He aquí, una nueva aproximación al personaje de Robin Hood. Creo que sólo conozco a una persona que no se sepa la historia de pe a pa y se trata de la hija de un amigo que nació hace apenas un par de semanas. Como se suele decir en estos casos, la película apuesta por intentar dar una nueva vuelta de tuerca a la historia que ya conocemos y, en ese sentido, cabe reconocer que la cinta lo consigue, centrándose más en la forja del mito y cómo llegó a convertirse en el popular personaje, más que en sus peripecias en sí, robando a los ricos para dárselo a los pobres. En ese sentido la película se acerca más a “Robin Hood, la leyenda” que a “Las aventuras de Robin Hood”, para que nos entendamos, alejándose así de sus anteriores adaptaciones, algunas de ellas tan populares como Robin de los bosques (no veo yo a Russell Crowe dando los saltitos de Errol Flynn), la adaptación animada de la Disney, la crepuscular Robin y Marian o Robin Hood, Príncipe de los ladrones (con un Kevin Costner luciendo el pelo de Bon Jovi).

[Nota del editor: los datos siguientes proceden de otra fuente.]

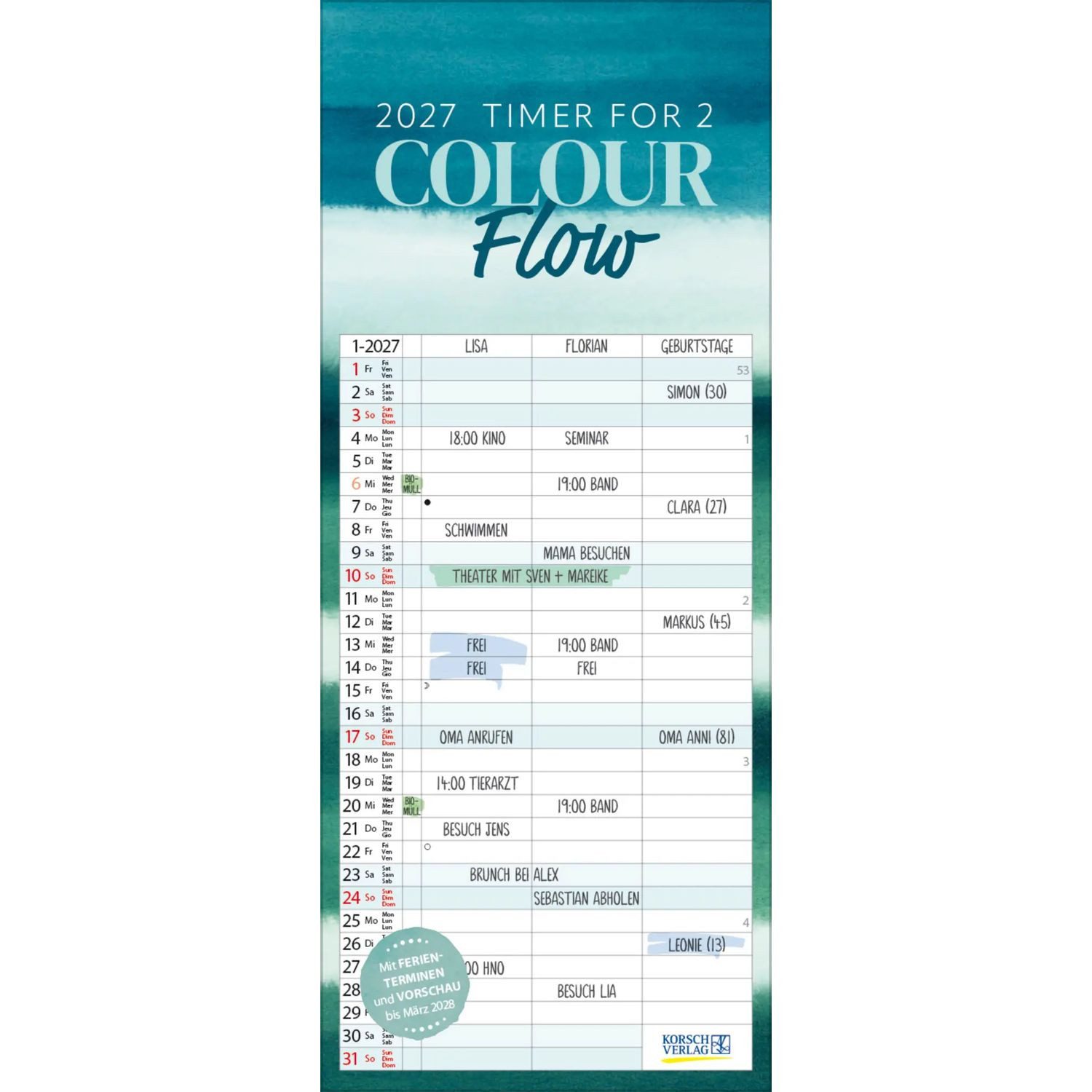 Korsch Verlag Familienkalender Timer for 2 Colourflow 2027
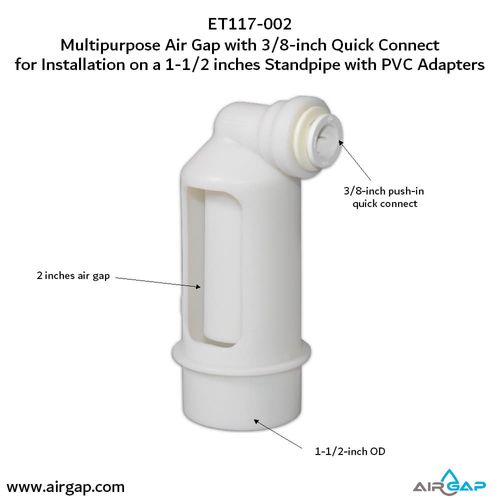 Main product image of Air Gap For Water Softener and Water Filter w/ PVC Trap Adapter,  3/8" Push-In Inlet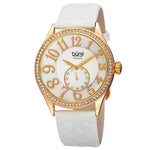 Burgi BUR141WTG Crystal Accented MOP Dial Quilted Leather Strap Womens Watch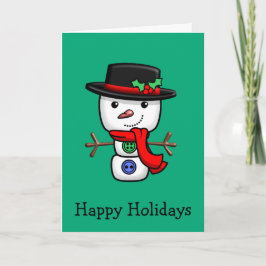 Cartão de Férias Folheado de Natal Jolly Snowman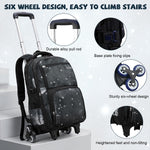 PALAY Starry Sky 6-Wheel Trolley School Backpack with Detachable Trolley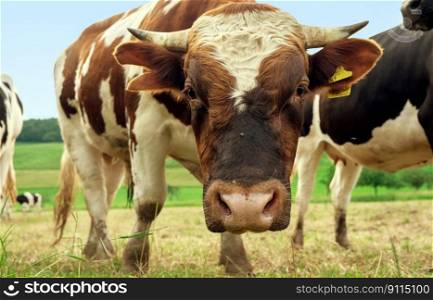 beef animal bull brown white face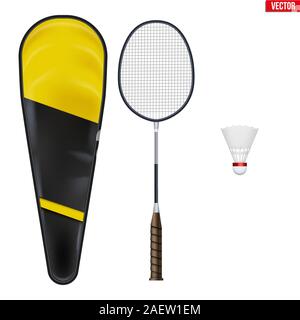 Set of badminton equipment Stock Vector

Al lío. Lady Marian, deberá hacer de tripas corazón (de León), instalando al desconocido en su casa y haciéndolo pasar por su marido a los ojos de la gente, para evitar perder sus bienes, al no tener descendencia, por mucho que en un principio le repugne la idea de compartir estancias con un individuo tan arrogante. Pero ustedes ya saben que “los que se pelean se desean“ (y en cine más) y poco a poco la muchacha se irá sintiendo más cercana al recién llegado. Por otra parte, muerto el Rey, su hermano pequeño El Príncipe Juan, heredará el trono y su primera medida será la de subir impuestos cosa mala a sus súbditos, en un afán recaptador que ríanse ustedes de la policía local de ciertos ayuntamientos. El pueblo, ahogado por las deudas deberá hacer frente como pueda a la subida de los impuestos que, los secuaces del rey, optarán por cobrar de formas altamente expeditivas. ¿Quién ayudará a las gentes de bien ante tal desdicha?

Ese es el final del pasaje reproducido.